Quantum-Safe Columnar Storage Format with row-granular lazy decryption

These details have been verified by PyPI

Project links

GitHub Statistics

Maintainers

These details have not been verified by PyPI

Project description

QPQT - Quantum-Safe Columnar Storage Format

A purpose-built binary columnar file format (.qpqt) with native post-quantum cryptography and row-granular lazy decryption, a capability no existing columnar format offers.

Cryptographic stack: ML-KEM-768 (FIPS 203) + HKDF-SHA3-256 + AES-256-GCM (FIPS 197)

Quick Start

# 1. Install dependencies (liboqs + OpenSSL)
bash scripts/install_deps.sh

# 2. Build
mkdir build && cd build && cmake .. && make -j$(nproc) && cd ..

# 3. Generate a quantum-safe keypair
./build/qpqt keygen --out-pub pub.bin --out-sec sec.bin

# 4. Encrypt a CSV - ssn and dob become quantum-safe encrypted columns
./build/qpqt encrypt \
    --input customers.csv \
    --pqc-columns ssn,dob \
    --pub-key pub.bin \
    --output customers.qpqt

# 5. Inspect the file (no keys required - safe to run anywhere)
./build/qpqt inspect --input customers.qpqt

# 6. Decrypt for authorized users (lazy - only matching rows decrypted)
./build/qpqt decrypt \
    --input customers.qpqt \
    --sec-key sec.bin \
    --where "customer_id=12345" \
    --output result.csv

Python:

import qpqt, pandas as pd

pub, sec = qpqt.keygen()
kid = qpqt.generate_key_id()

# Write
w = qpqt.Writer("customers.qpqt",
                column_names=["id", "state", "ssn"],
                column_types=["int32", "string", "string"],
                pqc_columns=["ssn"],
                public_key=pub, key_id=kid)
w.write_batch({"id":[1,2,3], "state":["CA","NY","TX"], "ssn":["111","222","333"]}, 3)
w.close()

# Read - lazy decryption, only matching rows decrypted
r = qpqt.Reader("customers.qpqt")
r.set_secret_key(sec)
df = pd.DataFrame(r.query(where={"id": 2}))

The Problem

Enterprises face a dual mandate: regulatory pressure to adopt post-quantum cryptography (CNSA 2.0, NIST FIPS 203, deadline 2035) and the need to maintain query performance on large-scale columnar data warehouses.

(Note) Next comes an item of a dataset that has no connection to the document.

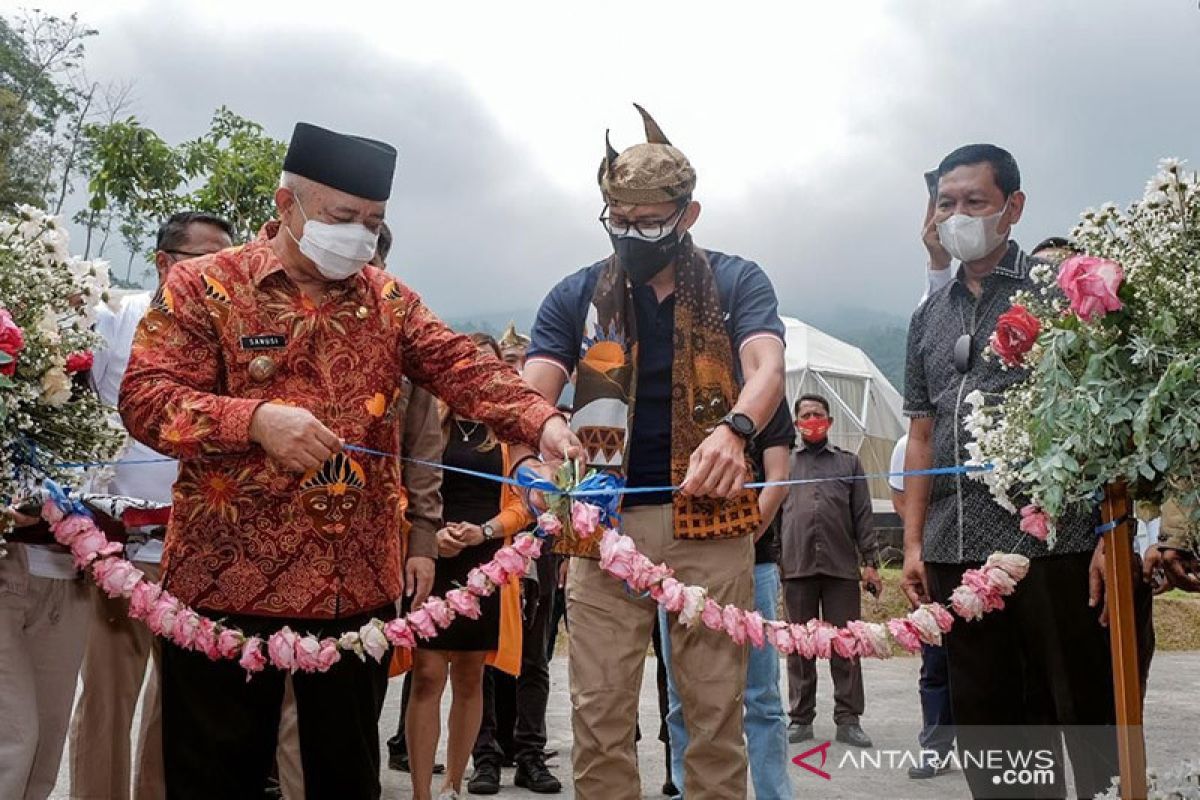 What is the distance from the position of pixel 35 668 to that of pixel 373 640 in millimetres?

The naive approach - applying ML-KEM-768 at the row level - costs 9,600ms for 1M rows even with 4-core parallelization. That establishes the upper bound of the problem: PQC done wrong is unusable at analytical query scale.

The Solution

QPQT redesigns the storage format around PQC cost:

Hybrid KEM construction - ML-KEM-768 is used once per 4,096-row page to encapsulate an AES-256-GCM page key. This reduces KEM operations from 1M to 250 per million rows.
Fully separated column sections - structural (unencrypted) and PQC columns are physically isolated on disk at 4KB OS page boundaries. Predicates run on structural columns without loading the PQC section into CPU cache.
Row-granular lazy decryption - predicates execute on cheap structural columns first. Only the individual rows that survive the predicate trigger KEM decapsulation and AES-GCM decryption.
O(1) manifest lookup - a flat crypto manifest in the footer maps any row to its page key via pointer arithmetic.

Performance - Honest Three-Baseline Comparison

Benchmarked on Kaggle Xeon CPU (4 cores), 1M rows, real ML-KEM-768 + AES-256-GCM.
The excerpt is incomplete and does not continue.